Four Simple Ways Families Can Learn Gratitude Together

Four Simple Ways Families Can Learn Gratitude Together

It’s not very hard to teach children to be grateful for what they have. You simply have to explain what gratitude is, why they need it and then practice what you preach. As a parent, you practicing gratitude is the best example you can provide for your child. And we’ve come up with four simple ways that you and your family can practice the art of gratitude together in a fun and easy way.

Keep A Gratitude Jar

If you just want to keep things simple, put a jar on your counter accessible to everyone and write “gratitude” on it. Place Post-it notes or note cards near by with a pen or pencil and instruct everyone to write down one thing they are grateful for daily and slip it in the jar.

Tell them to really feel the joy they feel at having whatever it is as they write it down and place it in the jar. At the end of every evening or once a week at family dinner, go through the jar and share with everyone all of its contents. Give everyone the opportunity to explain why he or she is grateful for their item.

Write In A Gratitude Journal

A gratitude journal can be a beautiful journal, a spiral notebook, the back of an envelope or even sticky notes you place on your mirror. Do you and pick a medium that works for you, and simply – on a daily basis – write down everything you are grateful for in your life.

Do this in the morning, before bed or whenever you’re feeling low. Challenge yourself to write a list of say 5 or 10 things you’re grateful for big or small. This can be a fun activity when you’re feeling good, and a difficult one when you’re sad. But it’s when you’re feeling down that this exercise can help you the most. Just create your list and think about the happiness you feel for every item.

Before long your mood will lift and you’ll feel better than when. you started.

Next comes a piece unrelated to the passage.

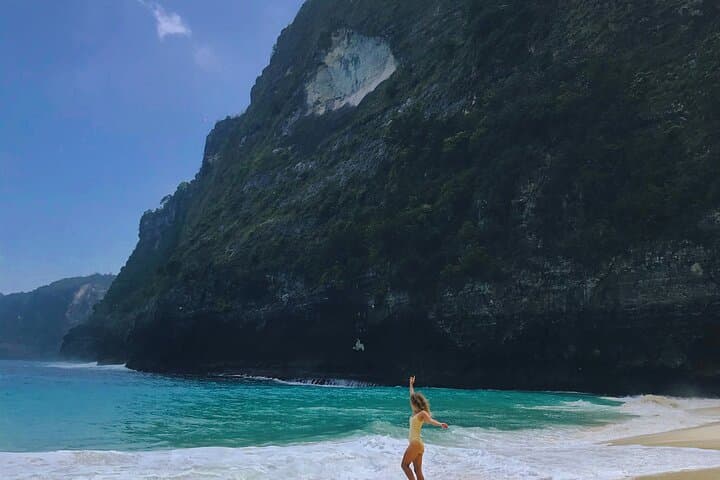 Exploring the Enchanting Eastern Nusa Penida Islands photo 4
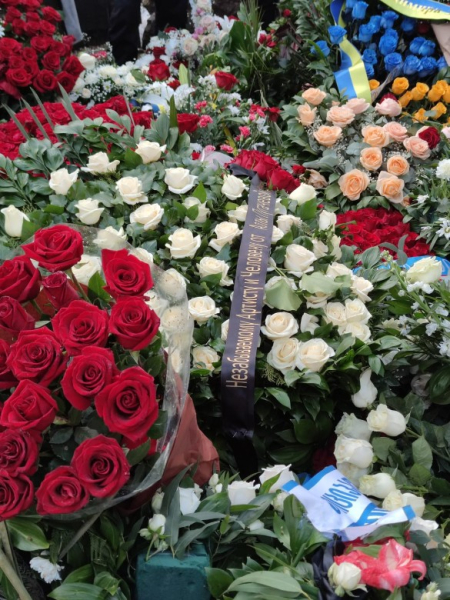 Жена иноагента Пугачева появилась на могиле Кикабидзе с главой украинских боевиков Зеленским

On the flipside, if you do this daily – stay aware of all you have to be grateful for – your lows won’t be so low and when you are – it won’t last as long.

Just try it and see for yourself. Science backs up the practice of gratitude for a better well-being.

Have your children keep their own journal, and allow them to share or not share the contents with you. And let them see you writing in yours. Set aside time weekly to discuss your lists. Bring snacks and make it fun!

Create A Gratitude Collage

Gratitude collages are a great option for the artsy and crafty. You can create a collage to hang in your home, or you could even create a Pinterest board if that’s your thing. Either way, get your tools together – old magazines, scissors and glue sticks. Other fun sticky scrapbooking elements can be purchased from craft stores and used as well.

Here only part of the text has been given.